Closed preaction closed 9 years ago

preaction commented 9 years ago

I think it will be best if we make github help organize ourselves.

Tickets cannot be the only way to address problems, due to privacy and safety concerns, but it can be an easy way to do it.

Except. Shit. People need to have a github account to post tickets...

emersonveenstra commented 9 years ago

We could have Selvvir interface with the Github API to make a ticket whenever someone updates a factoid

oksushi commented 9 years ago

Perhaps Hubot?

preaction commented 9 years ago

Having a bot that can deal with channel management (bans, ops, warnings, and user-wrangling) is something I've been thinking about. If someone uses the bot to message all the ops, though, it shouldn't create a github ticket (privacy is protection against harassment, as gittip found out).

Anything that might require public comment, however, should be in a public, persistent forum. Github issues is just one possibility. We could give the bot some API controls to mitigate needing a Github account though...

Or I could finally rewrite that issue tracker that I keep meaning to fix... But when it comes to asking me to write software, bet against it :p

AMcBain commented 9 years ago

I have a license to JIRA, it expires later this year but installs keep working afterwards, I just can't get more updates until I pay up again. It can handle 10 users max (So 9, seeing as I would be there automatically). I could set that up again. It would make everything private, but I think we can configure it so certain projects or some such are publicly visible to anyone.

pudly commented 9 years ago

Is there something we can't do on github that facilitates JIRA? I have spare private github repos as well, although considering the open source nature of this channel, i don't think anything needs to be private per se.

Or am I missing something?

oksushi commented 9 years ago

+1 for keeping it all public.

preaction commented 9 years ago

http://geekfeminism.wikia.com/wiki/Radical_transparency

Radical transparency can be dangerous to marginalised people, because it may provide additional information that abusers can use to target them.

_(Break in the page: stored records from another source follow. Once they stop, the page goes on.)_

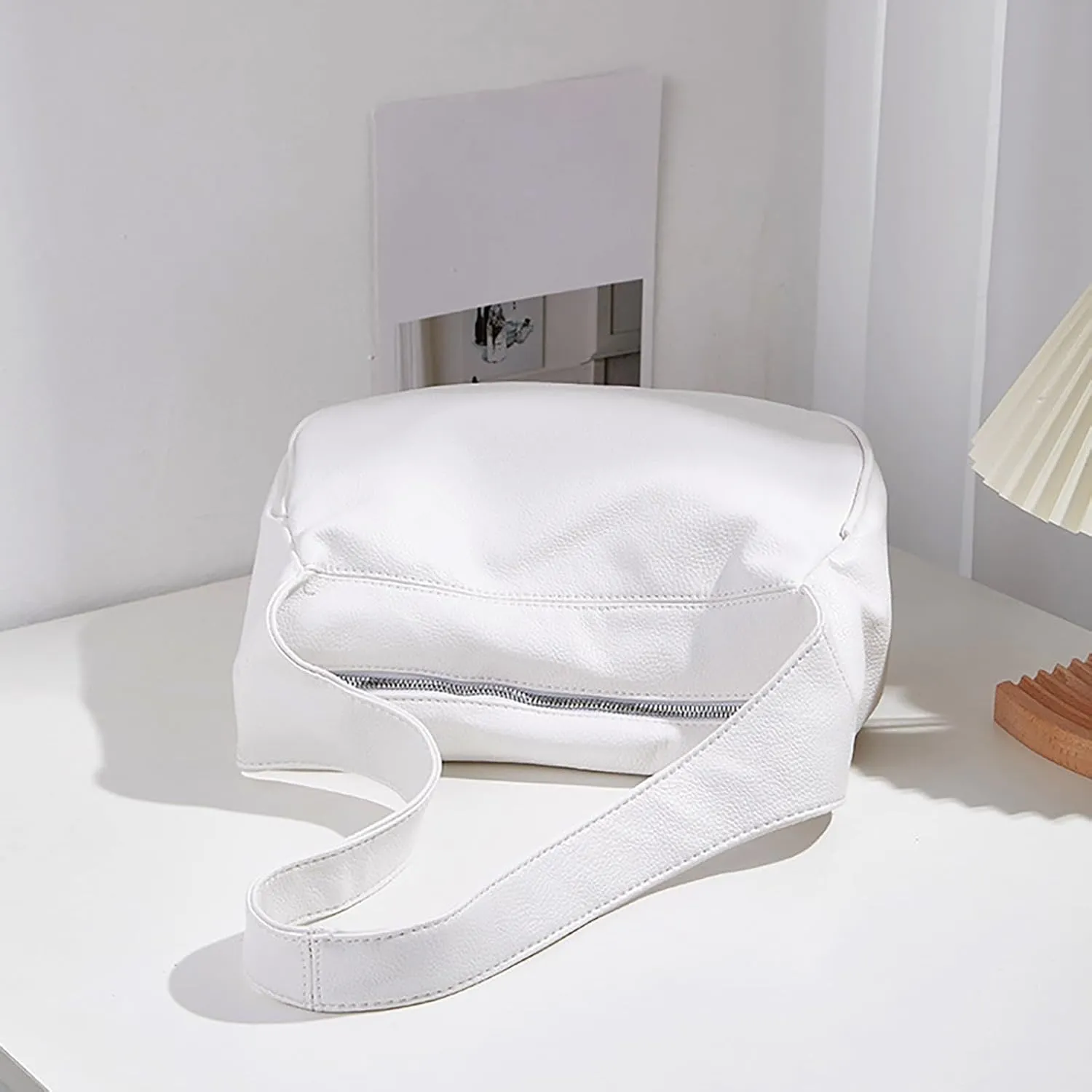 White Crossbody Saddle Bag Simple Fashion Shoulder Lightweight Woman Bag Large Messenger Bag Backpack (White, One Size)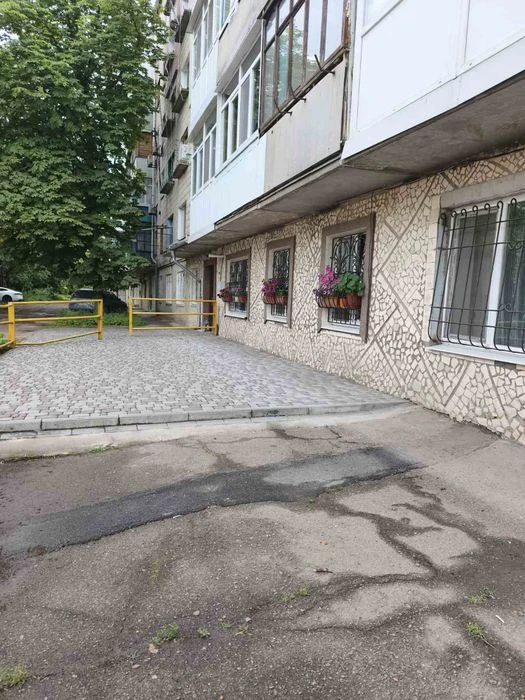 Продаж 1-кімнатної квартири, вул.Кременчуцька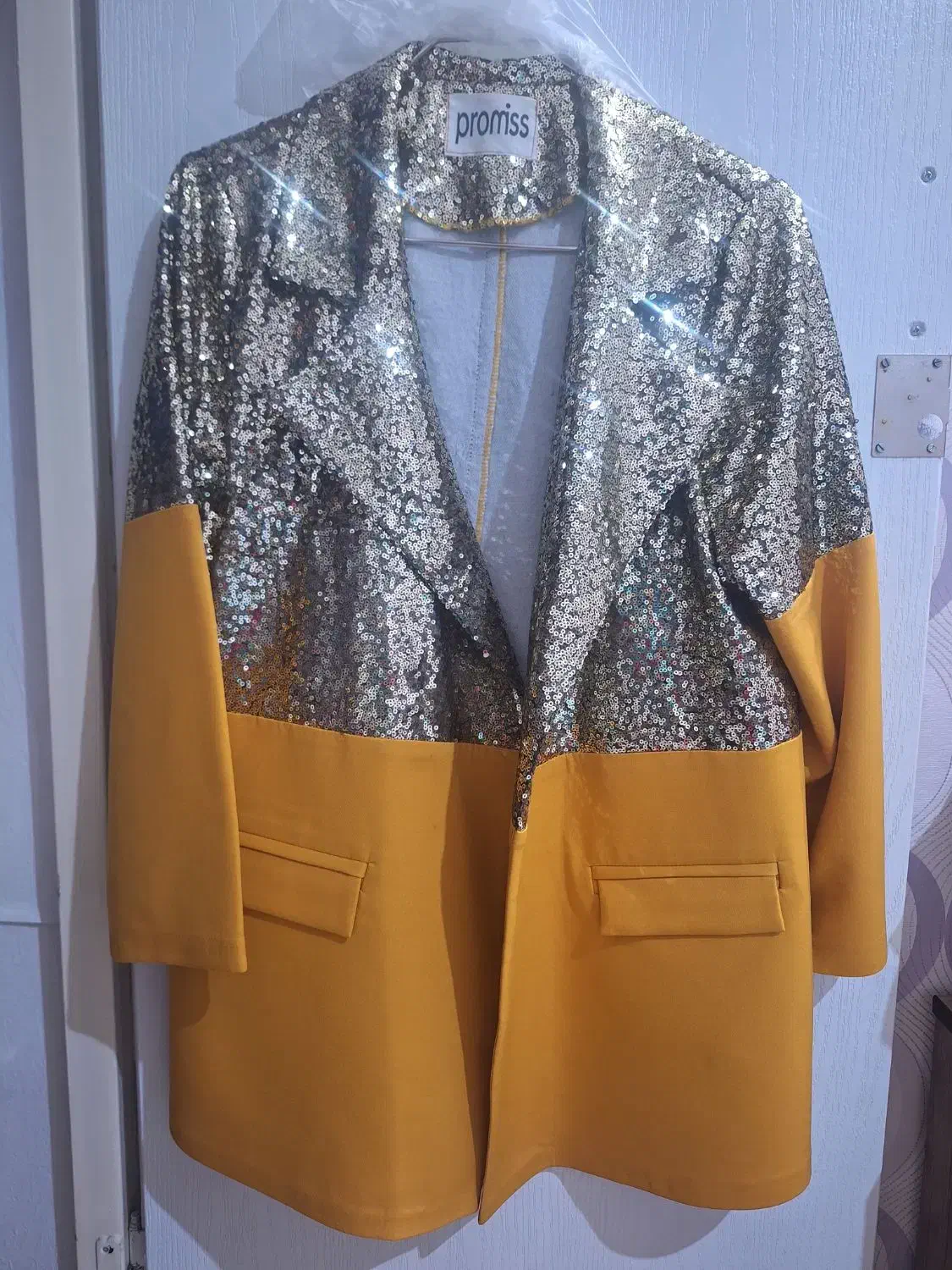 کت مجلسی|لباس|اراک, |دیوار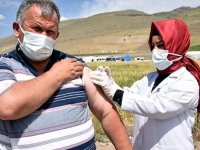 Hatay'da mevsimlik tarım işçilerine koronavirüs aşısı yapıldı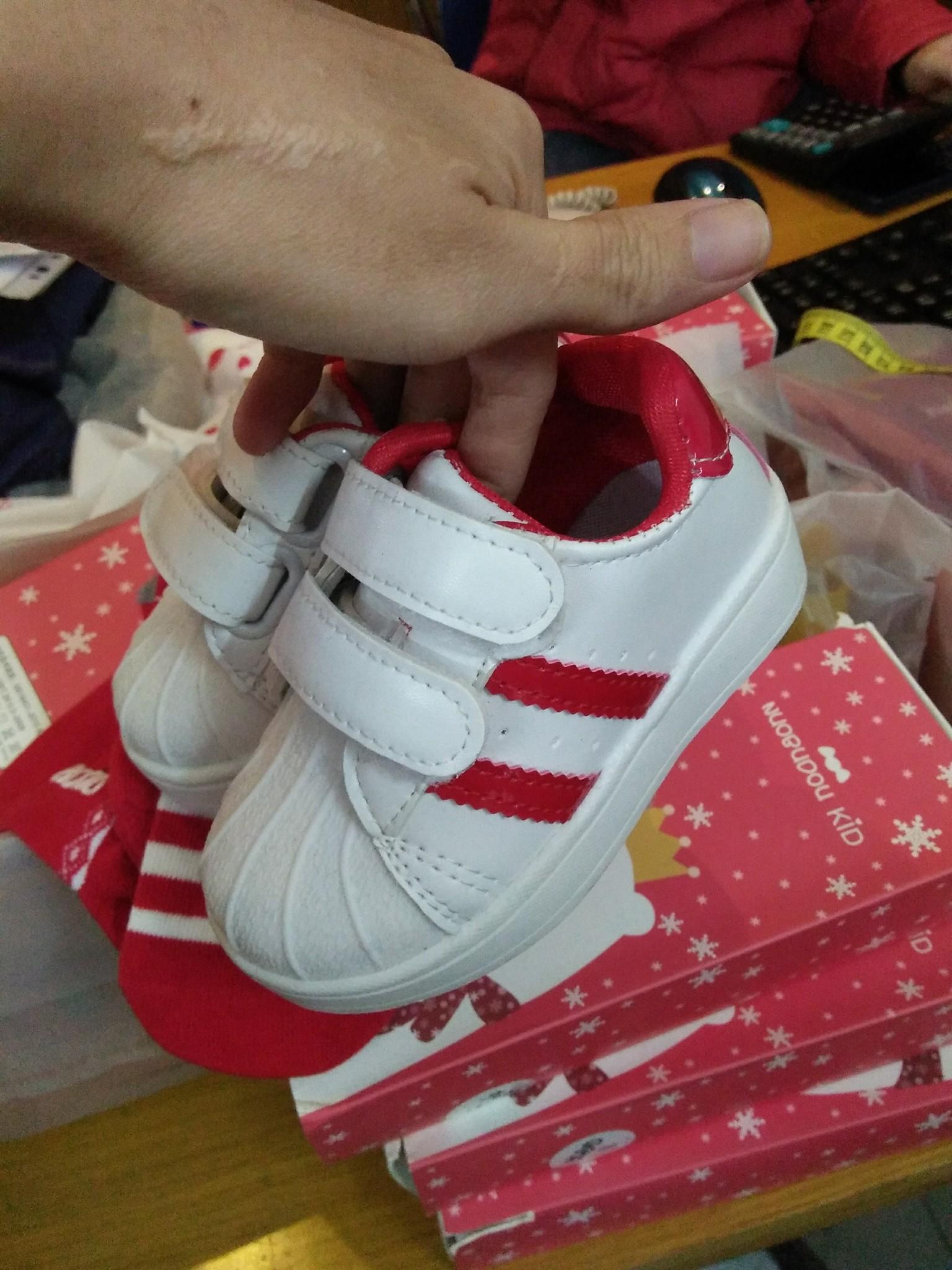 Giày thể thao bé trai size 30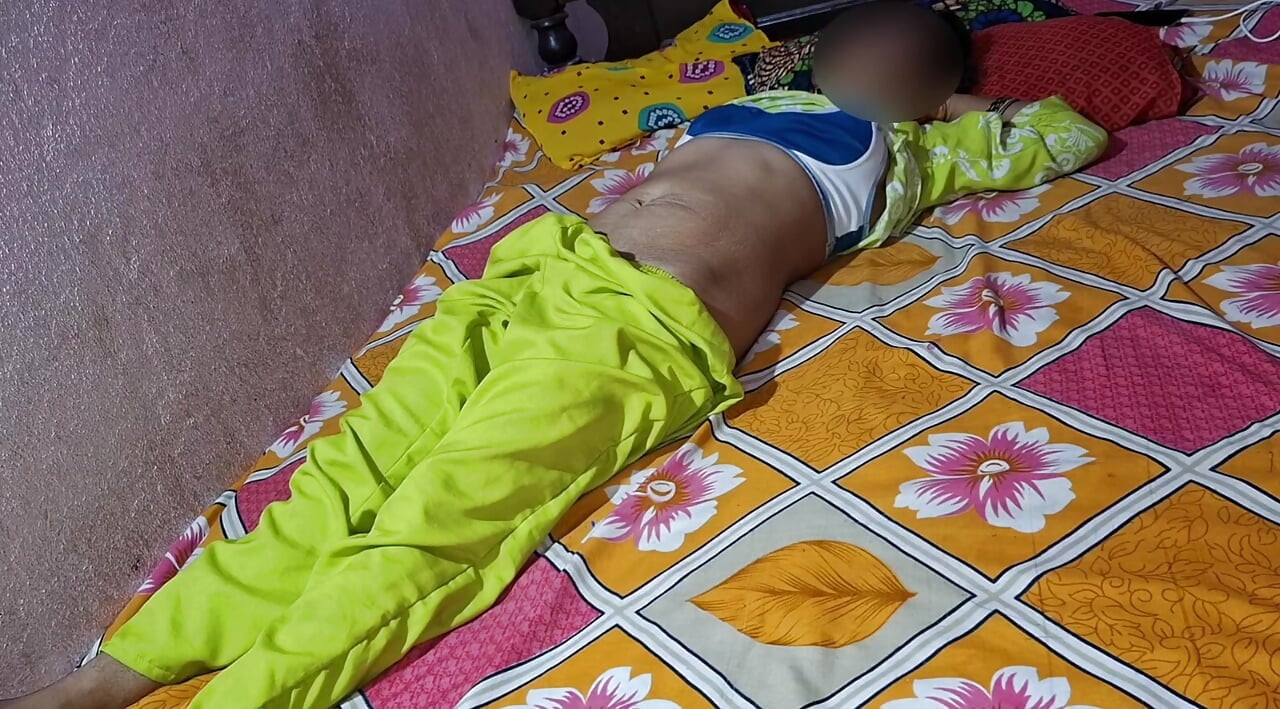 Pasangan India panas berkongkek tangan
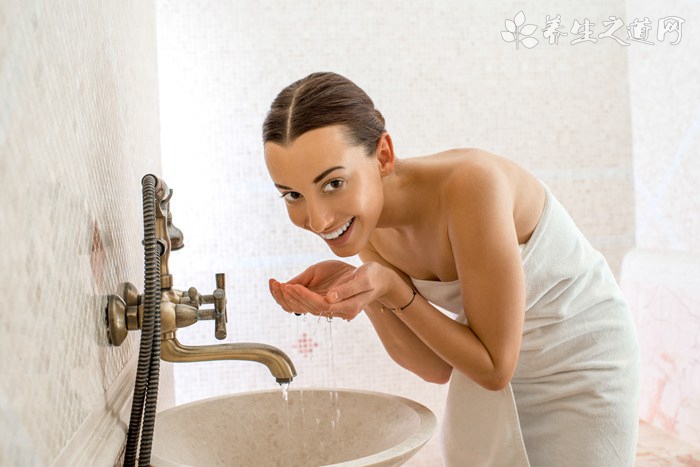 美國(guó)新冠病毒感染病例超507萬(wàn)例 漱口水可以預(yù)防新冠病毒嗎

I think our default should be public, on Github, but we should have private channels of communication if people wish to use them (a bot, an e-mail address, freenode's memoserv). All we need to do is include those in the list of ways to get in contact with us, putting "Open a Github Issue" first on that list.

AMcBain commented 9 years ago

Well I wasn't meaning private / go dark, more so commenting to the

If someone uses the bot to message all the ops, though, it shouldn't create a github ticket (privacy is protection against harassment, as gittip found out).

AMcBain commented 9 years ago

I have known channels to have private channels that require a key to get in where all the ops hang out and can discuss stuff with everyone which allows more inter-person communication out of the public if needed that personal messages don't provide. Doing a memo through memoserv works too, but you'd have to send one to everyone. You can though configure memoserv to send you e-mails when you get a memo. I have that flag on, but I can't really deal with such things while at work so it ends up just being a reminder to go check memoserv next time I log on.

preaction commented 9 years ago

css-ops is an option. It doesn't have to even be keyed, it could be +m, where anyone talking is only seen by the moderators, so people could then express their issue with only the moderators (ops) seeing what is being said.

preaction commented 9 years ago

css-ops is what we did. We should add some links to here from the website, but that can be another ticket.